L’intervention de Daniel Cohn-Bendit 1
Madame la Présidente,
Madame la Haute représentante,
il faut être clair aujourd’hui. Pour beaucoup de Palestiniens – et je reviens de Ramallah et des universités palestiniennes –, la solution à deux États n’est plus à l’ordre du jour. Les Israéliens n’en veulent pas. Ne nous mentons pas. Israël rend de plus en plus impossible la solution à deux États.
Nous défendons avec raison deux États. Mais il faut mesurer la frustration palestinienne. Il y a quelque chose que je ne comprends pas. Nous, nous soutenons comme les socialistes, l’initiative du Président Abbas à l’ONU. Sa phrase: « Au Moyen-Orient, il n’y a pas un État de trop mais il manque un État. » sous-entend que l’État d’Israël est légitime mais qu’il manque l’État palestinien.

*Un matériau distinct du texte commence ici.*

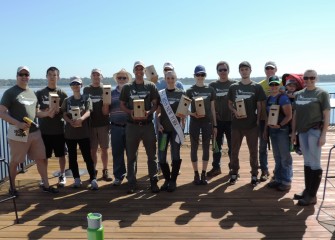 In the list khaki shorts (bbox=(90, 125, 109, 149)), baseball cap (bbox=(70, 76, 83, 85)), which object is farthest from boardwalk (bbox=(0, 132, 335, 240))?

C’est la phrase que nous pouvons tous signer. Ce que je ne comprends pas, Madame la Haute représentante, c’est que vous arrivez ici en disant: « Nous regrettons qu’Israël ait décidé, aujourd’hui, la construction de 1 100 logements. » Au moins, condamnez-le! Et ne le regrettez pas! Dites que c’est impossible! Soyez claire!
(Applaudissements)
Ensuite, même si nous sommes pour la reconnaissance de l’État palestinien tout de suite, dites au moins aux Israéliens que, s’ils continuent les constructions, vous pousserez les États européens à accepter immédiatement la reconnaissance de l’État palestinien. Faites-leur le même chantage que celui qu’ils vous font! Parce qu’ils vous disent: « On va négocier. » et en même temps, ils continuent à occuper. Faites de la politique, Madame Ashton! La politique, ce n’est pas de la prière!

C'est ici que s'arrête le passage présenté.